Quand l’État Desmarais pique la curiosité de l’Ambassade des Etats-Unis

2011/05/12 | Par Robin Philpot

Robin Philpot est l’auteur de Derrière l’État Desmarais : Power (Les Intouchables 2008)

Qui n’a pas remarqué, au Québec, qu’une information n’est jamais considérée vraie si elle ne paraît pas en noir sur blanc dans le Globe and Mail ou dans le New York Times ? Ou qu’un Américain bien placé la répète ?

Là, l’ambassadeur des États-Unis vient simplement de constater – et nous le savons grâce à Wikileaks et au Devoir – ce que des milliers de Québécois disent depuis belle lurette. Mais personne dans les grands médias de Gesca et de Radio-Canada ne dit jamais : «… l’influence sur le milieu fédéral et provincial de cette société [Power Corporation] est indéniable. »

De plus, ce même ambassadeur accuse les journaux de Desmarais et de Power Corporation, dont La Presse, de marcher main dans la main avec Paul Desmarais pour faire infléchir la politique environnementale québécoise dans le sens des intérêts pétroliers des Desmarais, soit dans le sens favorable à l’exploitation sans contrainte des sables bitumineux de l’Alberta. Si c’est nous qui le disons, c’est parce que nous sommes de méchants indépendantistes. Mais là, ça doit être vrai !
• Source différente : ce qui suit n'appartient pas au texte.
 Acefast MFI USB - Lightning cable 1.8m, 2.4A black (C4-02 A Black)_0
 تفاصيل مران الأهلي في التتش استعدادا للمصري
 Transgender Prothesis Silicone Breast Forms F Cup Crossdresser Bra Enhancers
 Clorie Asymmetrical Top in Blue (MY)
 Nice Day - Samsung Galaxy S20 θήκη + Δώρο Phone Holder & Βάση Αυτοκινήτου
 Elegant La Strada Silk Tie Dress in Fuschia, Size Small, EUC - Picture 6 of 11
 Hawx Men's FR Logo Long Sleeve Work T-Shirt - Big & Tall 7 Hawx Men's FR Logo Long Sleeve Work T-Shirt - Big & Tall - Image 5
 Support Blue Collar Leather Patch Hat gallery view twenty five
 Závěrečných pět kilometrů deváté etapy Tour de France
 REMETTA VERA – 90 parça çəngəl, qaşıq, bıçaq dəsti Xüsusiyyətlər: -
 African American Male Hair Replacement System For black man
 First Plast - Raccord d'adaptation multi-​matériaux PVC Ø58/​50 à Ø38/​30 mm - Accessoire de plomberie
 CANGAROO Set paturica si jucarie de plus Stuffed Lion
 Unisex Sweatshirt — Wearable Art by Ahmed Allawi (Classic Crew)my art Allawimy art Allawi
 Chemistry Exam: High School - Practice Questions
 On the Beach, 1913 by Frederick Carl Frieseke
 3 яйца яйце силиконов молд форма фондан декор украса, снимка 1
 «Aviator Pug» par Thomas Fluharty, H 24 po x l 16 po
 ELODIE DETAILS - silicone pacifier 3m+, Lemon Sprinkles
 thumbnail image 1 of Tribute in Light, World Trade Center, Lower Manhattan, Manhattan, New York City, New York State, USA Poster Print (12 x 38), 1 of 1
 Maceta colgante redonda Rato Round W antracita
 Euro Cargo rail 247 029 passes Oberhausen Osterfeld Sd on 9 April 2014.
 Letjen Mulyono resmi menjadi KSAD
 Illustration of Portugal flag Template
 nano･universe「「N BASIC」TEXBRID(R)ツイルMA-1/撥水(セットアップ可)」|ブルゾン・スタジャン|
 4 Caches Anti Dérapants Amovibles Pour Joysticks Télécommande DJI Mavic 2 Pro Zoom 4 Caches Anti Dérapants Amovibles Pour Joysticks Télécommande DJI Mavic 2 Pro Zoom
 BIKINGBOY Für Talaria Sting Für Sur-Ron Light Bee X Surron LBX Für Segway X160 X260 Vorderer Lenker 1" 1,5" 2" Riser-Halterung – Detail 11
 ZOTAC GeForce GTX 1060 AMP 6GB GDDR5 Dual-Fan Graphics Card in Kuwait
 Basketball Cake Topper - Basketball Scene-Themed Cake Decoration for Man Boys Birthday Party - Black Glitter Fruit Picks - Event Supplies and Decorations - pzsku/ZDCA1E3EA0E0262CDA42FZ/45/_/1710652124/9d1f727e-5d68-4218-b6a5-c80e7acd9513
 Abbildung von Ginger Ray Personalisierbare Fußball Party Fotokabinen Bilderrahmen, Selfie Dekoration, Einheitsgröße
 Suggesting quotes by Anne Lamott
Si l’ambassadeur Jacobson devait regarder encore plus près, il verrait beaucoup d’autres exemples où la famille Desmarais réussit, sans passer par des lobbyistes grâce à leurs lignes directes, à infléchir la politique québécoise, canadienne et même française dans le sens de leurs intérêts.

Pensons seulement à la santé : notre réseau se dégénère mais les Desmarais sont là avec une kyrielle de compagnies d’assurance par qui on va devoir passer pour se faire soigner.

Ou encore, à la politique étrangère : la France, par la bouche de l’ami Nicolas Sarkozy, a asséné aux Québécois une gifle sans précédent, nous traitant quasiment d’imbéciles parce que nous songeons à faire du Québec un pays indépendant. Ça vient tout droit des Desmarais.

Mais le cas de la politique environnementale du Québec est particulièrement important, et pour l’environnement et pour l’économie.

L’exploitation des sables bitumineux, qui est au cœur de la stratégie du gouvernement conservateur de Stephen Harper, est diamétralement opposée aux intérêts économiques nationaux du Québec. Et le Québec risque de payer cher cette politique canadienne.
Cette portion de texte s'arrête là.